Tuesday, 1 May 2012
The Whitechapel Map
1888: A Jack the Ripper Novel, is available to buy from Amazon now!
I have always loved books which begin with a map. When I was a kid these were usually fantasy stories, The Chronicles of Narnia, The Hobbit and others. I soon learned that mystery novels were oft to do this, (a personal favourite being, Agatha Christie's Death in the Clouds where the seating plan of each passenger is laid out.)
There was something thrilling about turning the first page of a new book and discovering that this otherwise fictional realm had been rendered physical, simply by being drawn on paper - as if the geography of the landscape was now something real, that could be navigated.
I'm no artist, and I'm certainly no cartographer, but I knew for certain 1888 had to begin with a map.
What you see above (and on the first page of the novel,) is a simplified version of a very famous map of the area from the time. Below is the original version.

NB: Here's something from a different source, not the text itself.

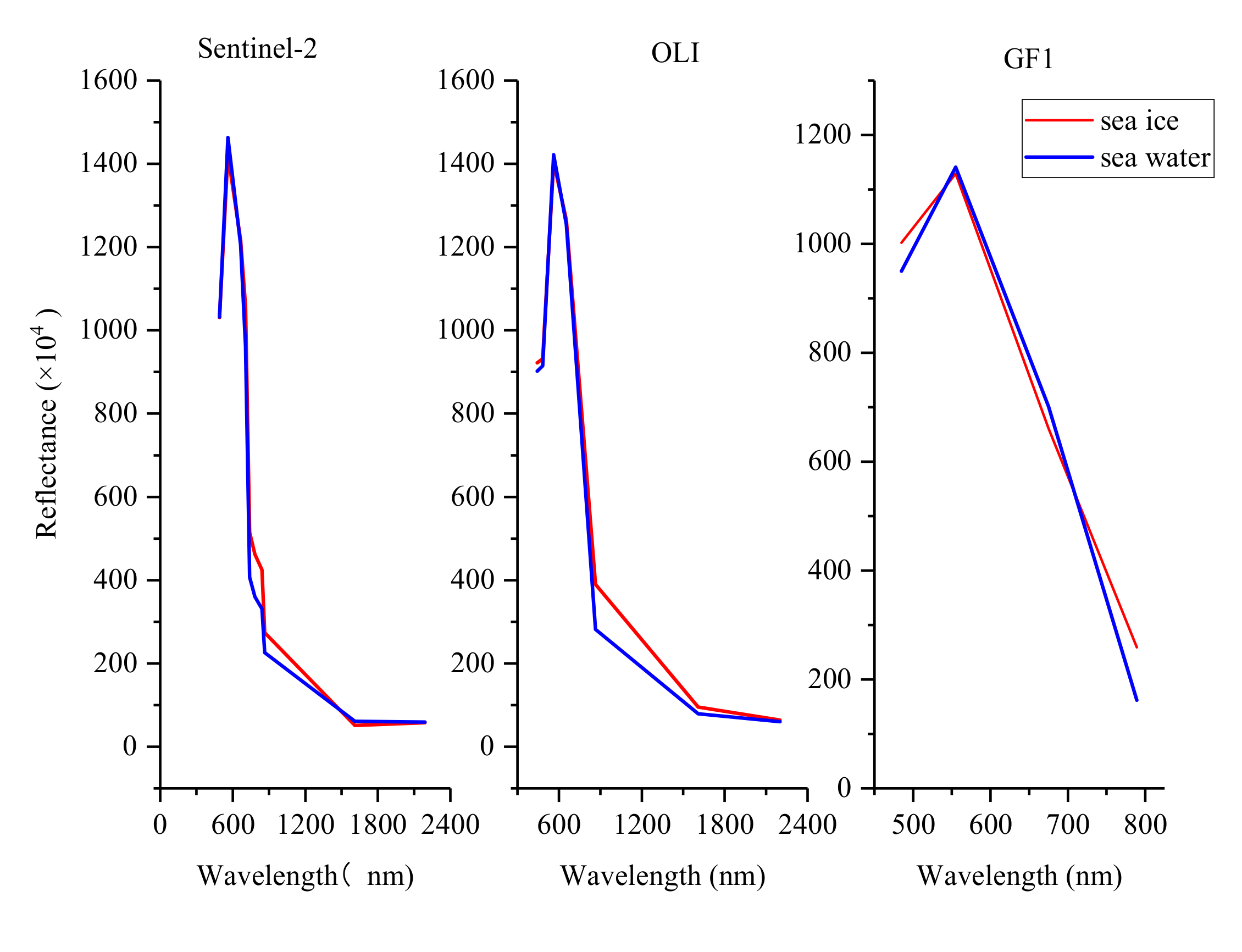 Remotesensing 14 00927 g008 550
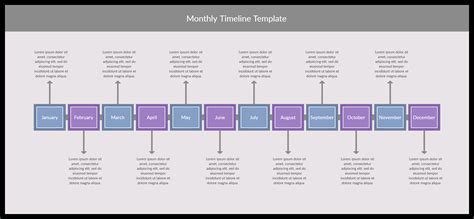 Aprender Acerca Imagen Linea De Tiempo De La Carpinteria Viaterra Mx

The first and most apparent difference is just how simplistic my version is. Whitechapel is, and was, a labyrinth of narrow streets, constructed around a junction of main roads. However, the book itself limits its scope somewhat, not only to allow for efficiency in storytelling, but because Commercial Road, Commerical Street and Whitechapel Road, really were the hub of this overcrowded district. While almost everything else was domestic, these roads were the heart and thoroughfare of Whitechapel.
The other concession I have had to make, is owing to the constrictions of an ebook. 1888 can be read on a screen as small as an iPhone's and as such, certain streets have needed to be enlarged for ease of reading. For instance, Goulston Street was a narrow lane that can barely be spotted on the authentic map, but it plays an important role in the story. Unfortunately this means that it appears to be as wide and important a road as Commerical Street, to which it runs parallel. The same is true for Buck's Row, which was far more constricted than my map would imply.
Miller's Court and Mitre Square were simply too small to expand sensibly, so instead, they have been indicated by lines pointing to their locations.
Nevertheless, I am rather pleased with my little map. It may not be winning many awards for either beauty or accuracy, but all the streets are where they're supposed to be, even if they are completely out of proportion. But most importantly for me, my book begins with a map! And for that, I could not be happier.